Nothing should be left out: output all of the entries exactly.

*** Opening EXERCISE MATERIALS ***

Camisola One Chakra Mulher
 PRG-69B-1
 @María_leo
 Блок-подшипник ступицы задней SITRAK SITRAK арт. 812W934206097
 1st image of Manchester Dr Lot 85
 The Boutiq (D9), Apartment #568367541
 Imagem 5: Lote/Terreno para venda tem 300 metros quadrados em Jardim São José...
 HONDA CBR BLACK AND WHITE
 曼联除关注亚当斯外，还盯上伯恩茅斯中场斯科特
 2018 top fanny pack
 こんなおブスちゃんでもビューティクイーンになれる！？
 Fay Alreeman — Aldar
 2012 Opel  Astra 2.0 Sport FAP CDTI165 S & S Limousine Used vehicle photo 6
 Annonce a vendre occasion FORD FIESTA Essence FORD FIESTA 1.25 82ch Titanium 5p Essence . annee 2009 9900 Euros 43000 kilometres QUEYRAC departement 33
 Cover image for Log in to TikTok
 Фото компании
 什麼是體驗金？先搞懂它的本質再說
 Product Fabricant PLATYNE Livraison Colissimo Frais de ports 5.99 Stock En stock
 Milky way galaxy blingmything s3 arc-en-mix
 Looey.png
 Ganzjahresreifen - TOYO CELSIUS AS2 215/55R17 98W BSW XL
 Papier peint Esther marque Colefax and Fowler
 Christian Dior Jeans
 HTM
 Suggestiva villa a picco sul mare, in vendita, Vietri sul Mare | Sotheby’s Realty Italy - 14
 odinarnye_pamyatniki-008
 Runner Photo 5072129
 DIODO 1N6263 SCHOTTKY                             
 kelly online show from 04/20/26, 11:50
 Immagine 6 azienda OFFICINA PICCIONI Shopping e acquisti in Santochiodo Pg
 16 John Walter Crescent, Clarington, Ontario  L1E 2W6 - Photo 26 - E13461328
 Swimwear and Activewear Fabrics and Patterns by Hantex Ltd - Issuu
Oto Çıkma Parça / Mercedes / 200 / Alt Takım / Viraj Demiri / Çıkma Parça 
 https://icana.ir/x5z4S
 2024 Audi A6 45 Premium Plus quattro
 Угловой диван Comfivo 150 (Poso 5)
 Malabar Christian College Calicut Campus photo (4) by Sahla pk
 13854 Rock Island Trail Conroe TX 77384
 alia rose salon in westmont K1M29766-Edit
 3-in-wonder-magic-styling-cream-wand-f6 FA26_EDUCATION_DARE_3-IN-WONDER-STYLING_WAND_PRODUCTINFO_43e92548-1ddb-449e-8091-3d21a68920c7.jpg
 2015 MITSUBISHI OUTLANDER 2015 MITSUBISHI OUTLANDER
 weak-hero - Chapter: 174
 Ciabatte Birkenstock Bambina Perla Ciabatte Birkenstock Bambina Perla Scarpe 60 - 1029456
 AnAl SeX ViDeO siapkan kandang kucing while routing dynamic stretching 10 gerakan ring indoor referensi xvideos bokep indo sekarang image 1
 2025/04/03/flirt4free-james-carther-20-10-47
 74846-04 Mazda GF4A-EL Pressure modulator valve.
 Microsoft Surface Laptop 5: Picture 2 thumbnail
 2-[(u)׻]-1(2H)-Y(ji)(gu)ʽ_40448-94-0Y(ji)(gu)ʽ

*** Closing EXERCISE MATERIALS ***

FINAL ANSWER →
Camisola One Chakra Mulher
 PRG-69B-1
 @María_leo
 Блок-подшипник ступицы задней SITRAK SITRAK арт. 812W934206097
 1st image of Manchester Dr Lot 85
 The Boutiq (D9), Apartment #568367541
 Imagem 5: Lote/Terreno para venda tem 300 metros quadrados em Jardim São José...
 HONDA CBR BLACK AND WHITE
 曼联除关注亚当斯外，还盯上伯恩茅斯中场斯科特
 2018 top fanny pack
 こんなおブスちゃんでもビューティクイーンになれる！？
 Fay Alreeman — Aldar
 2012 Opel  Astra 2.0 Sport FAP CDTI165 S & S Limousine Used vehicle photo 6
 Annonce a vendre occasion FORD FIESTA Essence FORD FIESTA 1.25 82ch Titanium 5p Essence . annee 2009 9900 Euros 43000 kilometres QUEYRAC departement 33
 Cover image for Log in to TikTok
 Фото компании
 什麼是體驗金？先搞懂它的本質再說
 Product Fabricant PLATYNE Livraison Colissimo Frais de ports 5.99 Stock En stock
 Milky way galaxy blingmything s3 arc-en-mix
 Looey.png
 Ganzjahresreifen - TOYO CELSIUS AS2 215/55R17 98W BSW XL
 Papier peint Esther marque Colefax and Fowler
 Christian Dior Jeans
 HTM
 Suggestiva villa a picco sul mare, in vendita, Vietri sul Mare | Sotheby’s Realty Italy - 14
 odinarnye_pamyatniki-008
 Runner Photo 5072129
 DIODO 1N6263 SCHOTTKY                             
 kelly online show from 04/20/26, 11:50
 Immagine 6 azienda OFFICINA PICCIONI Shopping e acquisti in Santochiodo Pg
 16 John Walter Crescent, Clarington, Ontario  L1E 2W6 - Photo 26 - E13461328
 Swimwear and Activewear Fabrics and Patterns by Hantex Ltd - Issuu
Oto Çıkma Parça / Mercedes / 200 / Alt Takım / Viraj Demiri / Çıkma Parça 
 https://icana.ir/x5z4S
 2024 Audi A6 45 Premium Plus quattro
 Угловой диван Comfivo 150 (Poso 5)
 Malabar Christian College Calicut Campus photo (4) by Sahla pk
 13854 Rock Island Trail Conroe TX 77384
 alia rose salon in westmont K1M29766-Edit
 3-in-wonder-magic-styling-cream-wand-f6 FA26_EDUCATION_DARE_3-IN-WONDER-STYLING_WAND_PRODUCTINFO_43e92548-1ddb-449e-8091-3d21a68920c7.jpg
 2015 MITSUBISHI OUTLANDER 2015 MITSUBISHI OUTLANDER
 weak-hero - Chapter: 174
 Ciabatte Birkenstock Bambina Perla Ciabatte Birkenstock Bambina Perla Scarpe 60 - 1029456
 AnAl SeX ViDeO siapkan kandang kucing while routing dynamic stretching 10 gerakan ring indoor referensi xvideos bokep indo sekarang image 1
 2025/04/03/flirt4free-james-carther-20-10-47
 74846-04 Mazda GF4A-EL Pressure modulator valve.
 Microsoft Surface Laptop 5: Picture 2 thumbnail
 2-[(u)׻]-1(2H)-Y(ji)(gu)ʽ_40448-94-0Y(ji)(gu)ʽ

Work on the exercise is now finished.